Bir yanlış anlamaya meydan vermemek için önemle belirtmeliyiz ki, Kur’an bütün güçlüleri ve varlıklıları müstekbir saymış ve kötülemiş değildir. Kur’an’da servetin bir adı da ‘hayır’dır (Bakara 2/272; Âdiyât 100/8). Meşru yollardan zengin olmak Allah’ın bir lütfu olarak değerlendirilir (Tevbe 9/28; Nûr 24/32). Ne var ki, pek çok ayette varlıklı olanlara, ellerindeki maddi imkânları yoksulların durumlarını düzeltecek şekilde kullanmaları (infak) yönünde sorumluluklar yüklemiştir.

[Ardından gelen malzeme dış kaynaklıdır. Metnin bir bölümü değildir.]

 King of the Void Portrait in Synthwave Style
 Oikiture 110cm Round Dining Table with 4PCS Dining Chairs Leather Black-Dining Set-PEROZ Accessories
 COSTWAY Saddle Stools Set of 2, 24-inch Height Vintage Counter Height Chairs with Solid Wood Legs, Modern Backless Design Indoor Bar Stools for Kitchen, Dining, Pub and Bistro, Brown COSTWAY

Diğer önemli bir husus da şudur: Ekonomik, sosyal, siyasi ve psikolojik yönleriyle her zaman, her mekân ve her toplumda eşitsizlik üreten insanlık sorunları olmuştur ve halen de öyledir. Dolayısıyla Kur’an’ın, dezavantajlılar sorununun üstesinden gelebilmemiz için ortaya koyduğu prensipler de evrenseldir.
Bu evrenselliği keşfedebilmemiz için Kur’an’ı, hedeflerine uygun olarak, bugünkü hayatımıza dair bireysel, toplumsal ve küresel ahlâkî dersler çıkarma amaçlı olarak okumamız gerekir. Daha sonra da Müslüman bireyler, toplumlar ve devletler olarak bu dersleri şimdiki kötü durumları iyileştirecek şekilde değerlendirmeli, buna göre hukuki normlar oluşturmalı ve uygulamalıyız.

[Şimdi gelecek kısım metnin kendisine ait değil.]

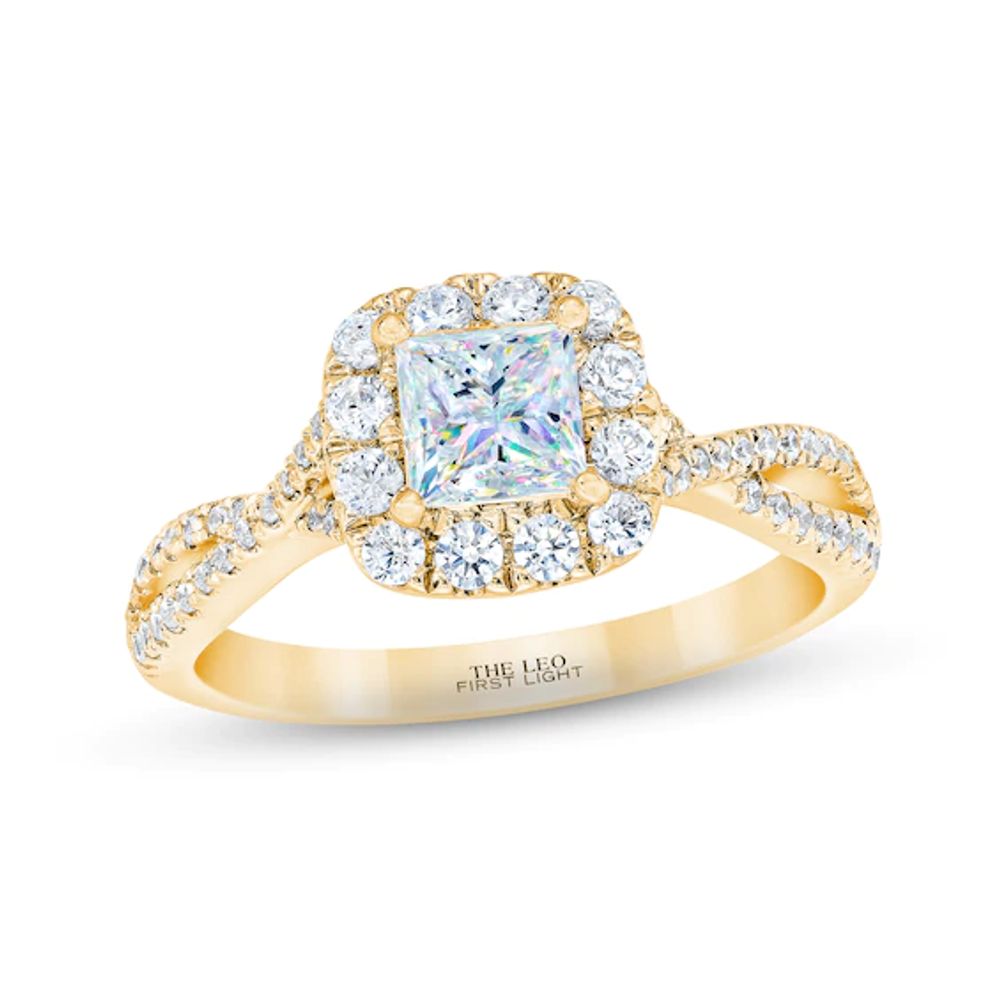 THE LEO First Light Diamond Princess-Cut Engagement Ring 1-1/8 ct tw 14K Yellow Gold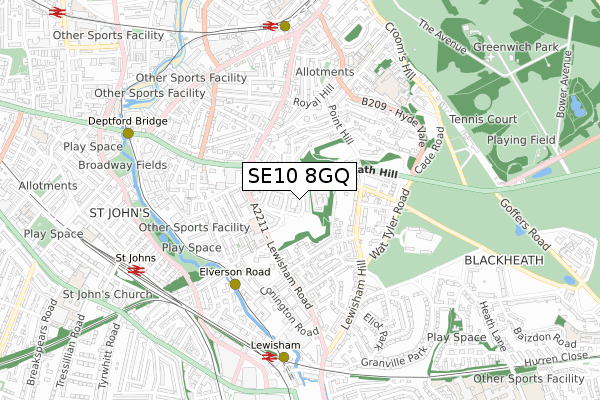 SE10 8GQ map - small scale - OS Open Zoomstack (Ordnance Survey)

Günümüzde Müslüman dünyanın bu hayırlı amaca ulaşmamasına engel olan en büyük sorununun, bu dünyanın bilgi tasavvuru olduğunu düşünüyorum. Kur’an metninin amacı yani içerdiği iyilikler (mesâlih) ve amaçlar (makasıd) yerine, metnin lafzına ve zahirine odaklanan bin yıl öncesinden kalma bilgi tasavvurumuzla bugüne ait sorunları çözmemiz mümkün değildir.
Kur’an; yoksullukla mücadele, âdil paylaşım gibi toplumun sıcak sorunlarıyla canlı ve sürekli bir şekilde ilgilenir; müstekbirler - müsted’aflar olgusuna da buradan bakar. Ama Kur’an’ın bu duyarlılığı ulemada, dolayısıyla İslam ilim geleneğinde sürdürülmemiştir. İslam ilim ve kültür tarihinde özellikle 4./10. yüzyıldan itibaren yoksullukla mücadele gibi toplumun sıcak sorunları giderek tamamen ihmal edilmiştir.
Sonuçta Müslümanlar, halklarıyla ve yöneticileriyle, yoksulları ve genel olarak dezavantajlı zümreleri temel insan hakları bakımından koruma altına alan bir hukuk öğretisi ve pratiği oluşturmalıdırlar; nassın esas gayesi budur; aksi halde Müslümanlığımız lafta kalır.